Exclude the pictures. Transcribe exactly, and only, the lines from the one holding "Western Premier Why 4* Lille" to the end of the material below.

= Task inputs =
◆ ◆ ◆
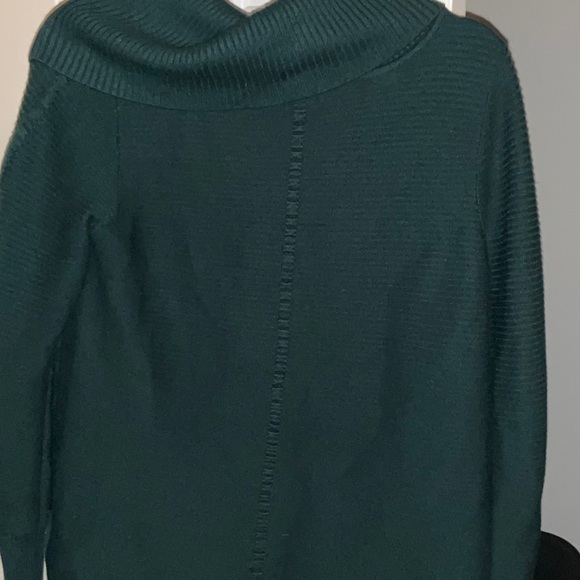 Valerie Stevens Dark Green Turtleneck Sweater, Size L - Picture 4 of 4
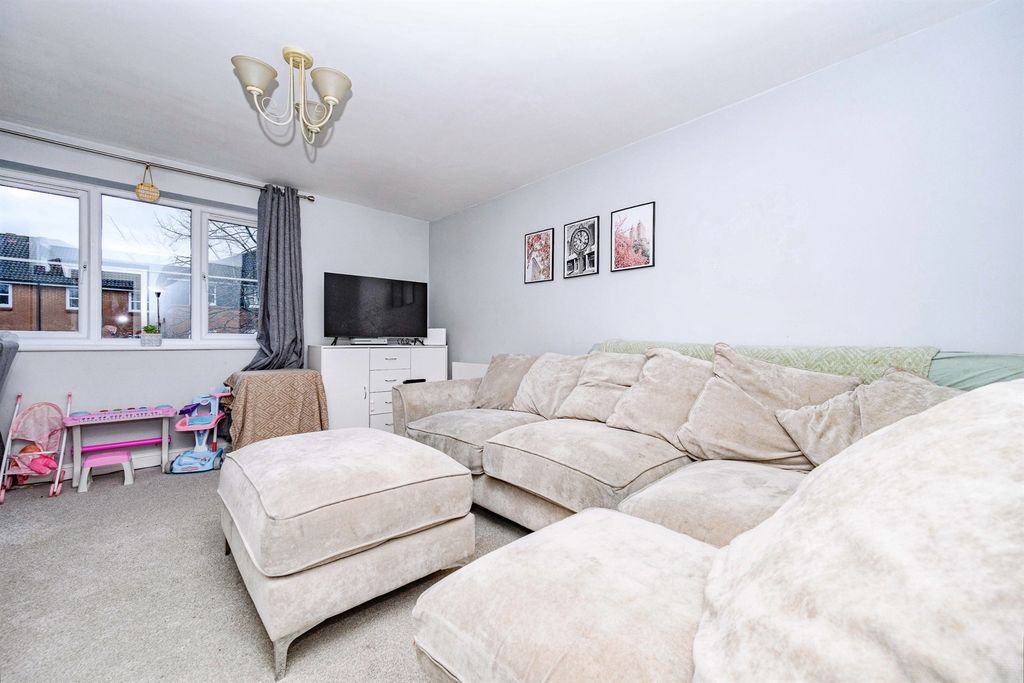 Property photo 2 of 17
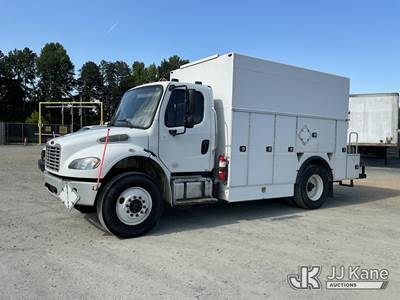 2015 Freightliner M2 106 Enclosed Utility Truck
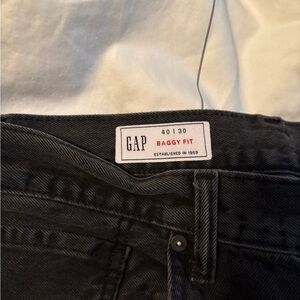 GAP Men's Relaxed Black Jeans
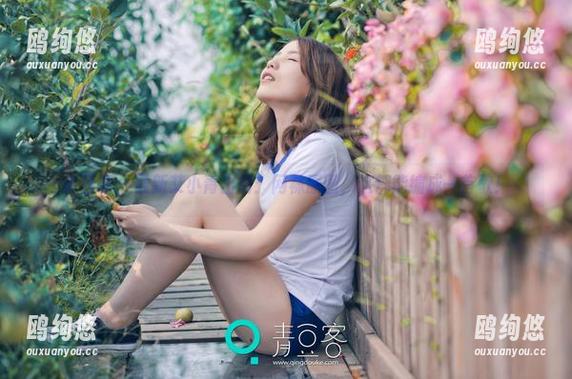 青豆客 - 最新艾小青出街：网袜原图，这都能编成一首歌！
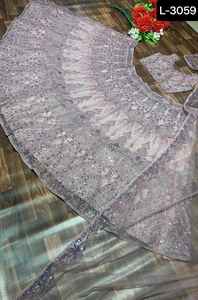 ชุดประจำชาติอินเดียผ้าตาข่ายเนื้อนิ่มประดับด้วยเลื่อมแวววาวสวยงามและงานผ้าใบหนัก lehenga - Product Image 5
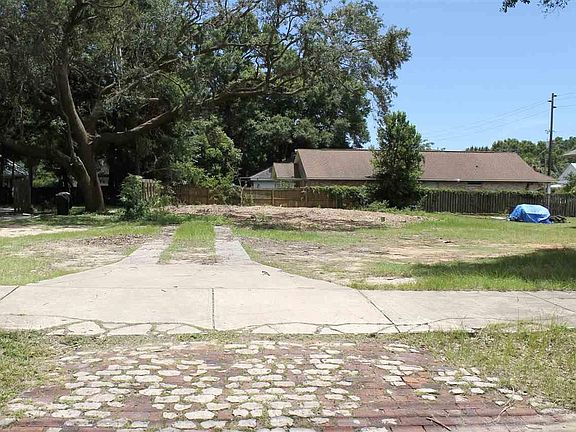 2nd image of 400 W Desoto St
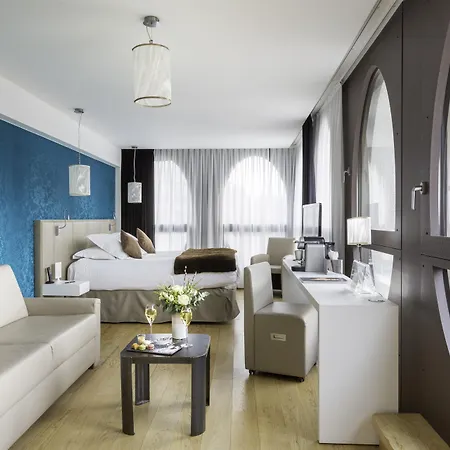 Western Premier Why 4* Lille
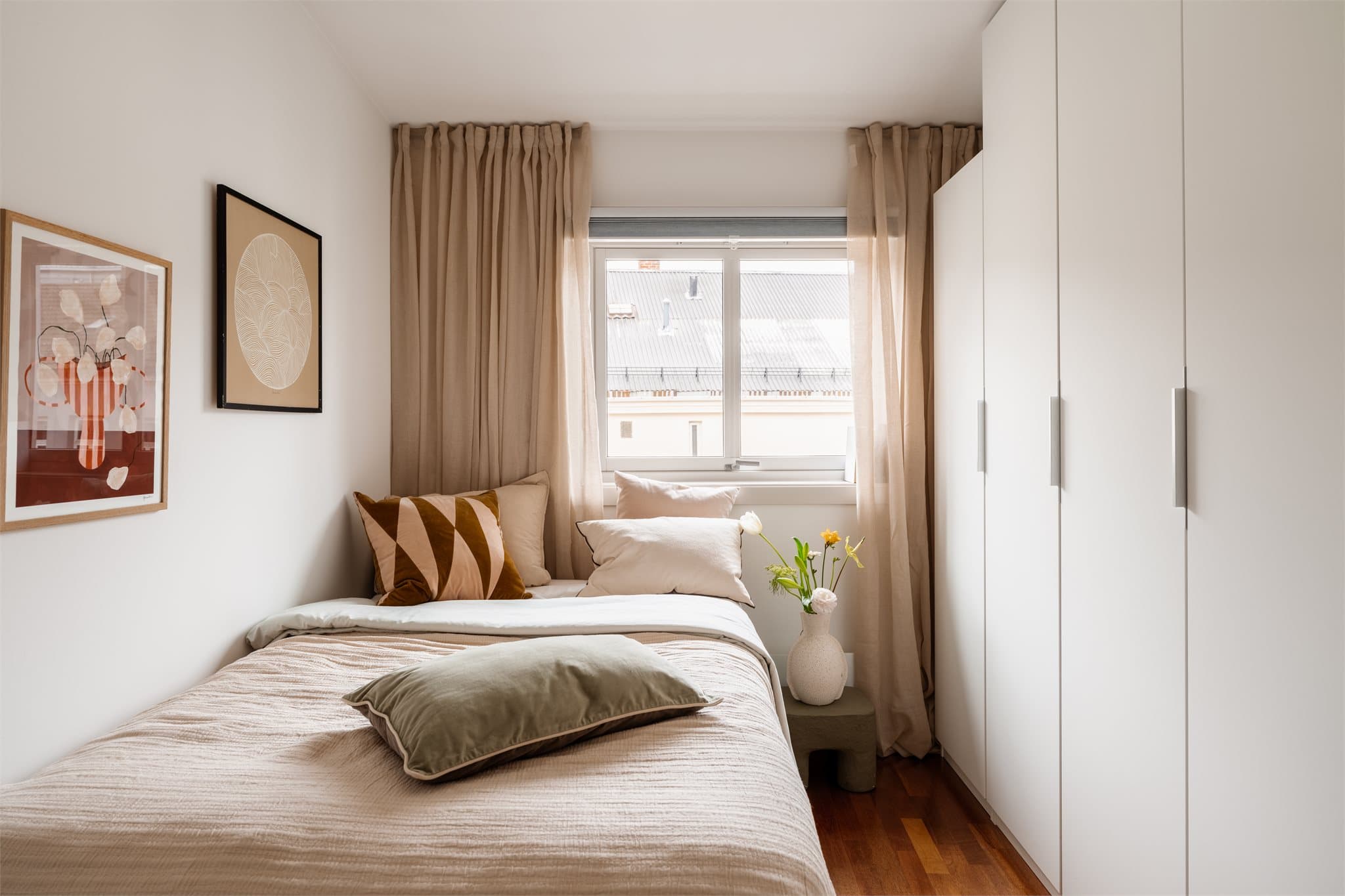 Det er god plass til dobbeltseng, samt rikelig med oppbevaring i romslig garderobe.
◆ ◆ ◆
= Solution for this task =
 Western Premier Why 4* Lille
 Det er god plass til dobbeltseng, samt rikelig med oppbevaring i romslig garderobe.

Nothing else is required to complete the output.